By Madhusree Chatterjee,IANS,
New Delhi: At the heart of change in contemporary India are women, the country’s silent force that is scripting success in diverse spheres, from economy and politics to showbiz, arts and education. Ninety such stories captured by six acclaimed Magnum photographers are now on display here.
The exhibition, “Women Changing India”, opened here this weekend.
“The truth is that India is the only country where we worship women as goddess – it has been a tradition for centuries. She not only runs the home but takes care to ensure that the family stays together. Look at Ela Bhatt and Aruna Roy; they are icons in their own right and great mothers like Mother Teresa and Indira Gandhi,” ace lensman Raghu Rai, a Magnum photographer, told IANS.

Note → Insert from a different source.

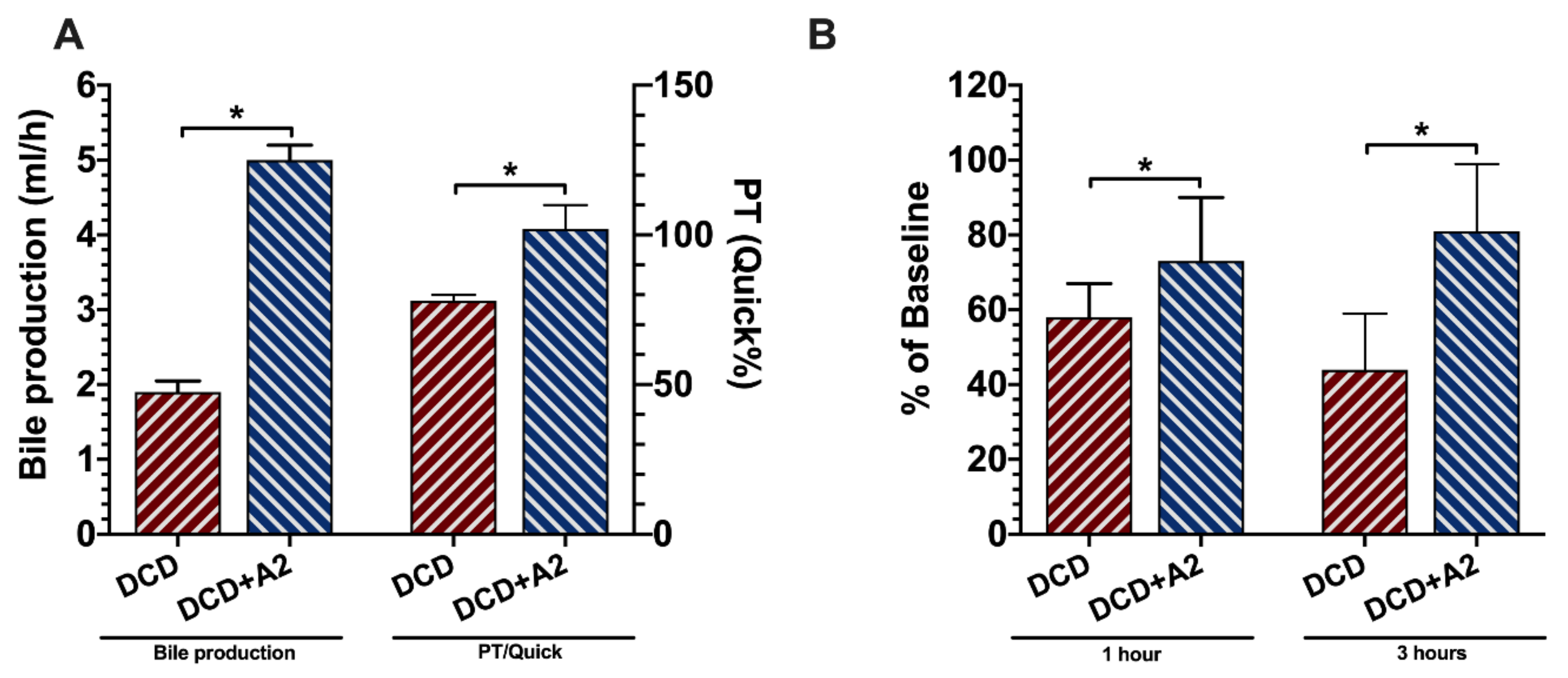 Ijms 21 06747 g002 Ijms 21 06747 g002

The show is a collaboration between the BNP Paribas bank and the publishing house Zubaan to mark the 150th year of the bank in India.
The bank is involved in several grassroots development and micro-credit projects managed by women’s self-help groups in India.
A book, “Women Changing India”, celebrating the achievement of Indian women, was unveiled by Zubaan and Magnum Photos, the international agency of photographers founded by photo legend Henri Cartier Bresson, Robert Capa, David Seymour, George Rodger and William Vandivert in 1947.
The photographs by Raghu Rai, Olivia Arthur, Martine Franck, Alessandra Sanguenetti, Alex Web and Patrick Zachmann capture women as tools of change in villages, new professions, arts, cinema and in the corridors of power.
The photographs are powerful reality shots that portray women in their hot seats and at home, bring to light the complex balance of power that Indian women are known to wield since the Vedic age.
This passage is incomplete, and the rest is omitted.